The man breaking World Cup records starts every morning at home with something utterly ordinary. Lionel Messi, Argentina's captain and 2022 world champion, reveals his breakfast: toast with dulce de leche and mate. Nothing more.

At nearly 39, Messi still plays incredibly - he recently became the top scorer in World Cup history with 18 goals. But he starts the morning the same as millions of Argentines: with a spread of caramelised milk and the traditional mate drink, always with the family, with his wife Antonela and their three children. It's a breakfast that ties him to his childhood in Rosario, not to his status as a star.

During tournaments he follows a stricter regime - combining carbohydrates with proteins and limiting calories and sweets. But he has never hidden his weakness for chocolate, ice cream and dulce de leche.

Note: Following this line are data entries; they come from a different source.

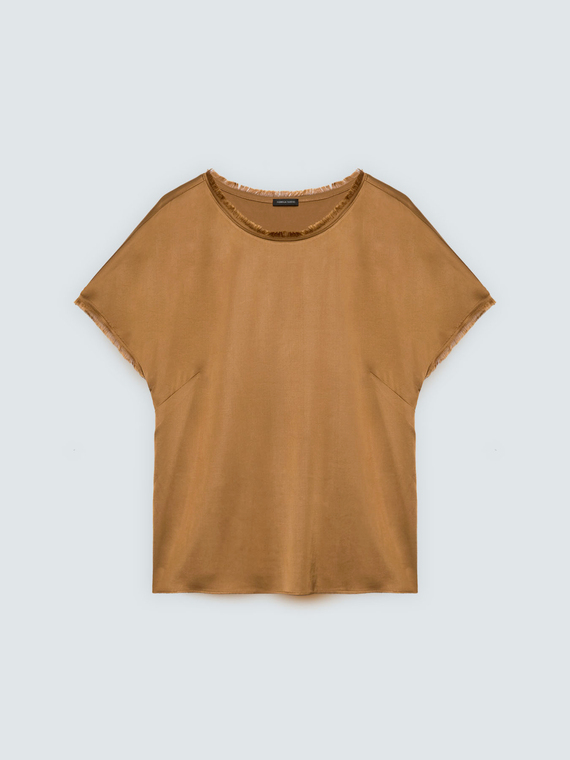 Top en satin avec d&eacute;tails effiloch&eacute;s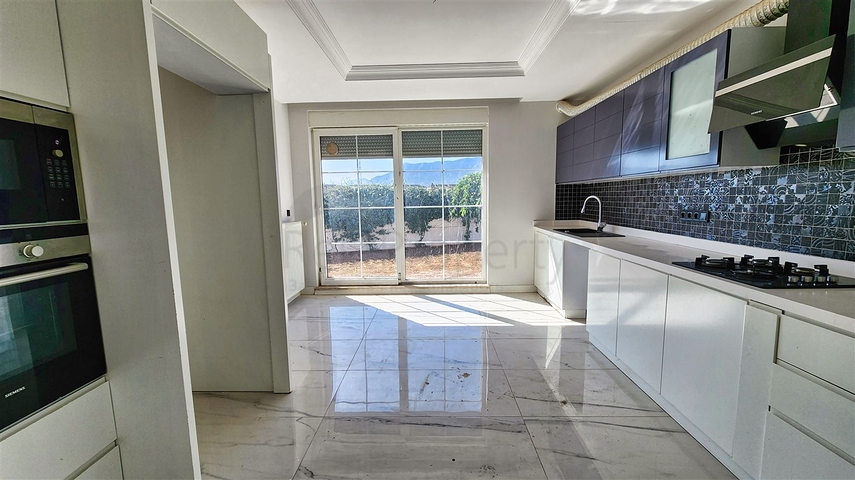 5+1 villa in Doshemealti - Antalya area 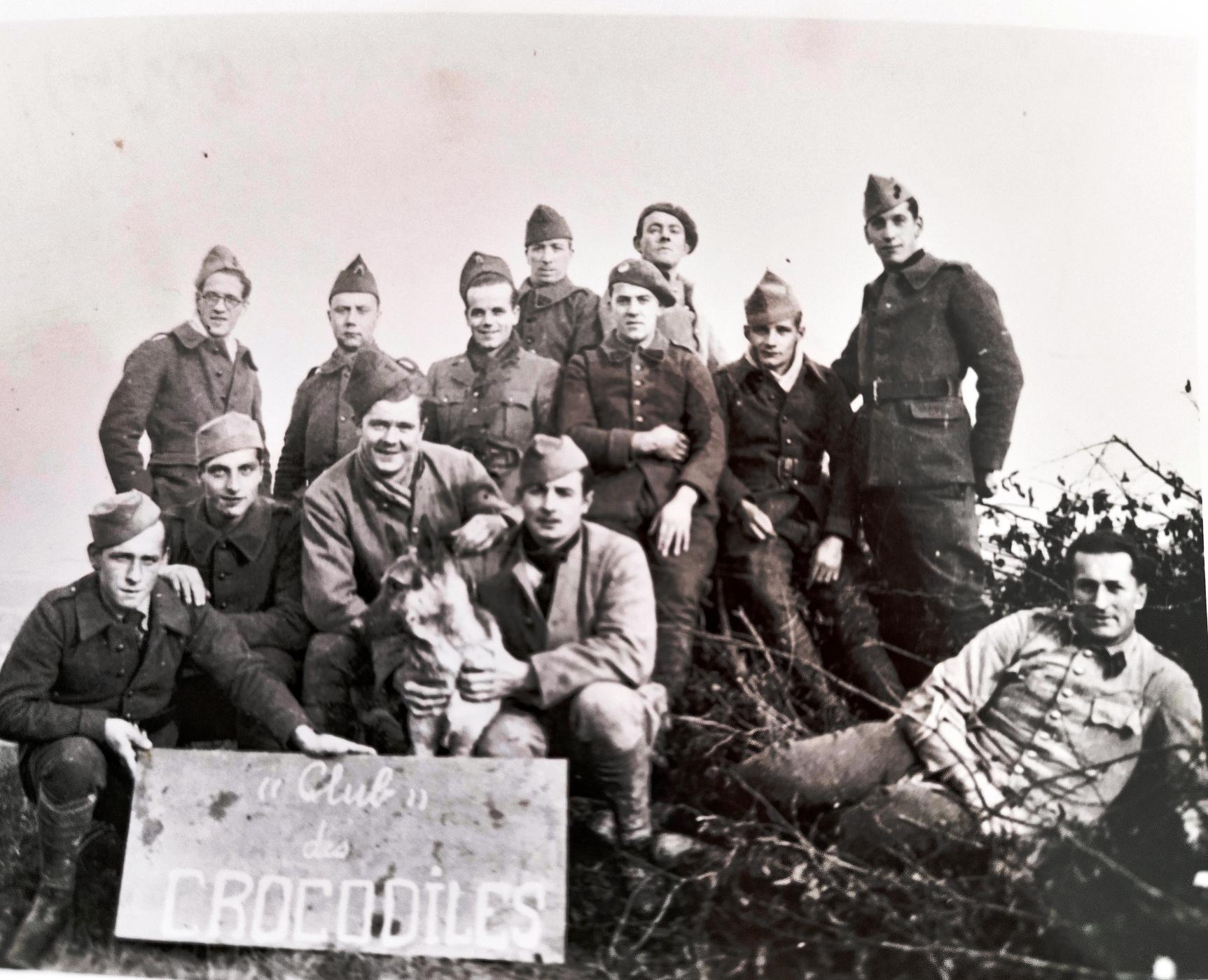 Ligne Maginot - HETTANGE GRANDE - O9 - (Observatoire d'artillerie) - L'équipage de O9 en 1939-40. Noter la présence du St-Lt TROUILLET, debout au centre, et du MdL-C René DUVAL, allongé à droite. - Inconnu
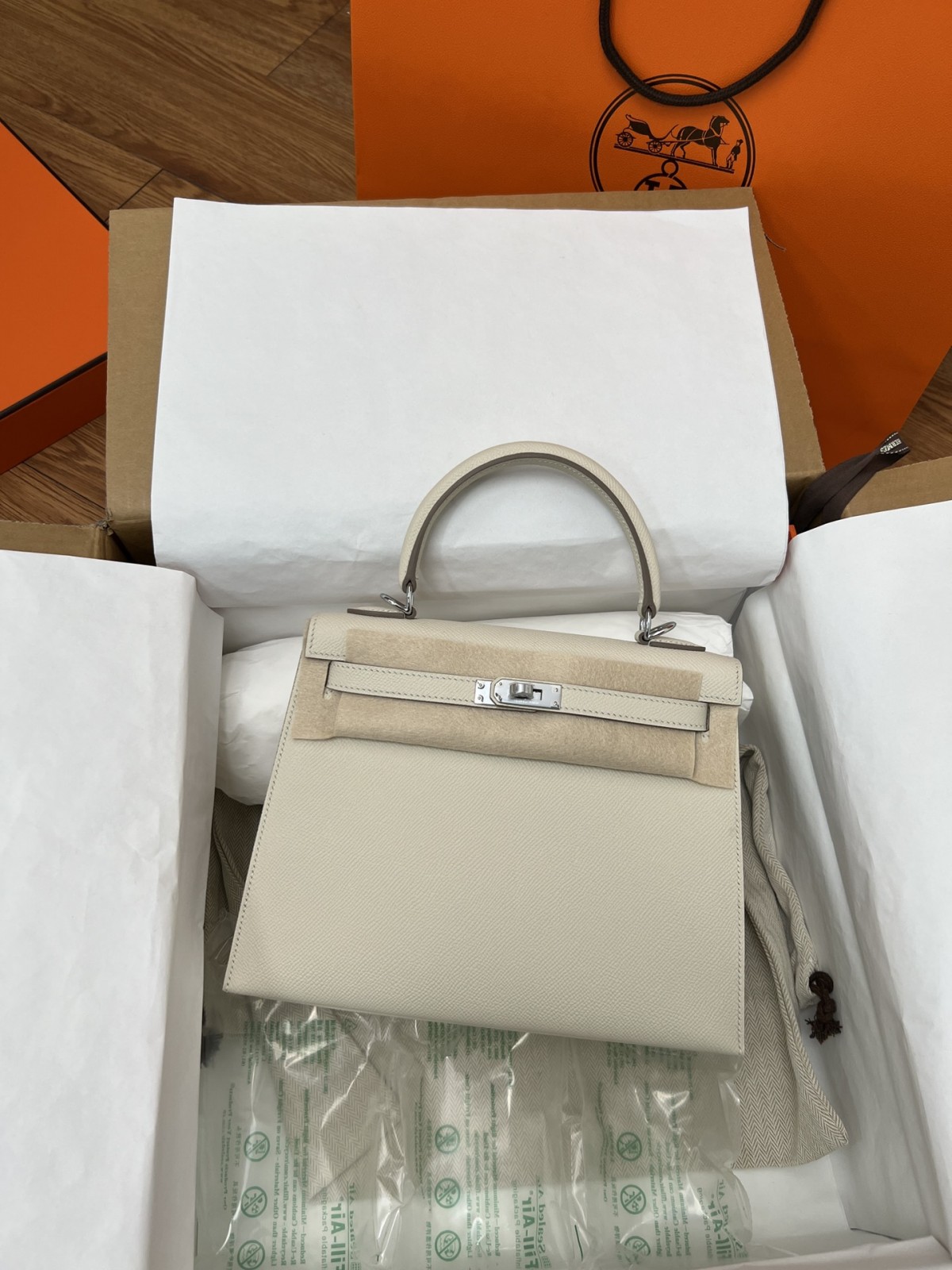 Shebag full handmade Hermes Kelly 25 in white Epsom leather full review （2024 Dec updated）-Best Quality Fake Louis Vuitton Bag Online Store, Replica designer bag ru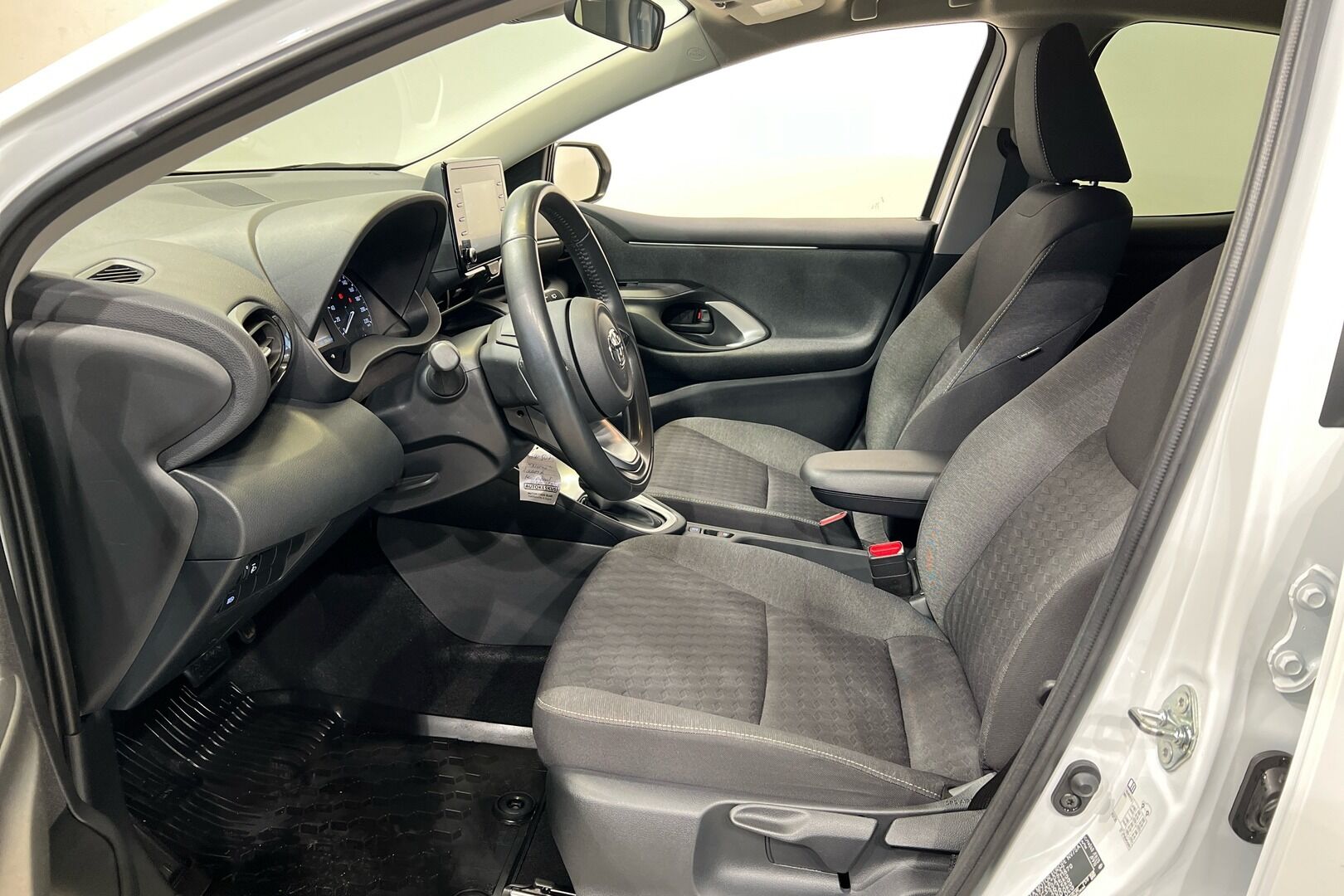 Toyota Yaris iso kuva 5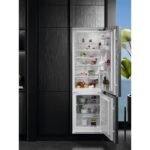 Вграден хладилник с фризер AEG OSC6N181ES , E , No Frost , Бял , Да - Image 3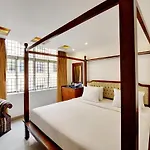 Confido Inn And Suites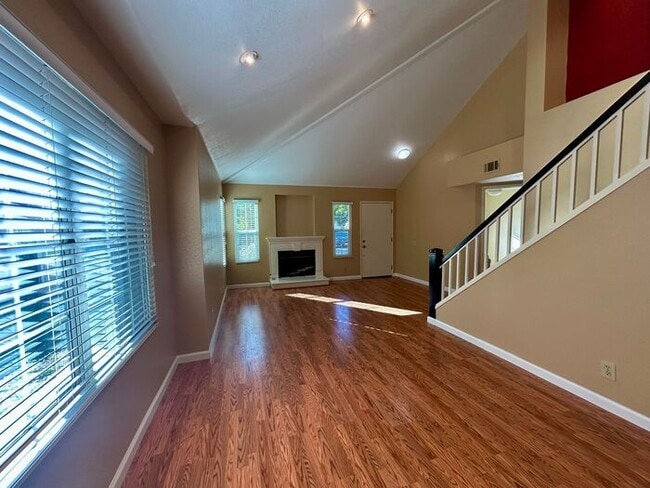 Building Photo - San Roque 3 Bedroom Townhouse - Available Now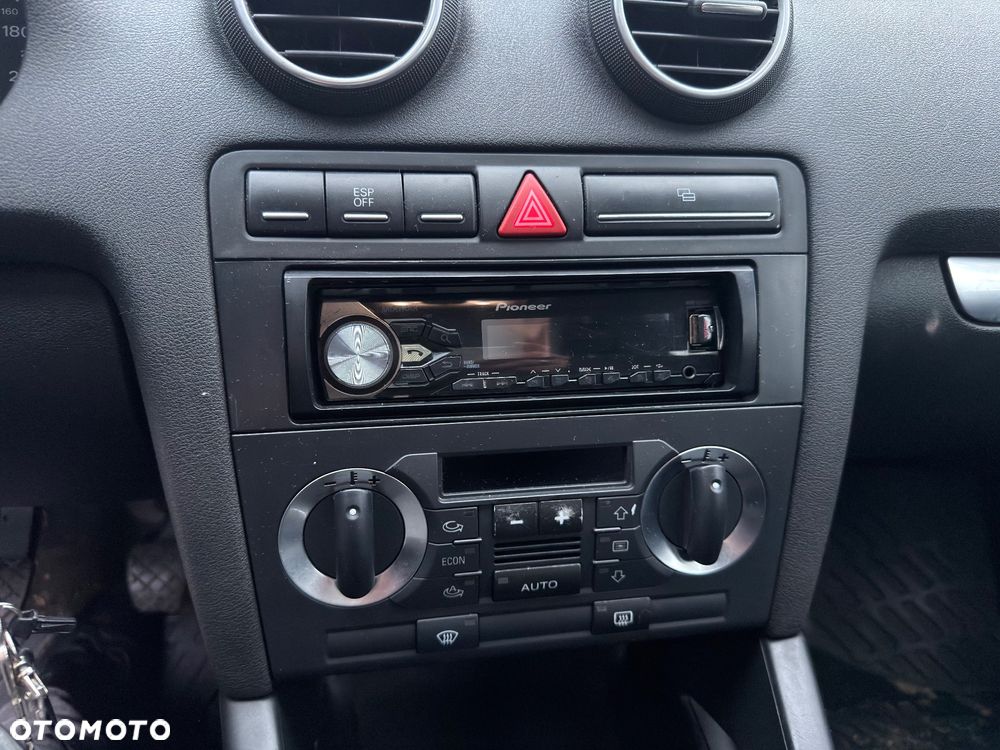 Audi A3 Sportback - 15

And he isn't alone: Argentina produces 140,000 tonnes of dulce de leche a year, and every Argentine eats 3.5 kilograms of it annually.

There's something reassuring in the fact that the best footballer of his generation doesn't breakfast on some laboratory protein powder, but on toast with something sweet and a cup of mate with the family. A table culture that doesn't change, no matter the money and the fame. Maybe that's exactly it - the feeling that some things stay the same - that keeps him on the pitch when everyone else has already given up.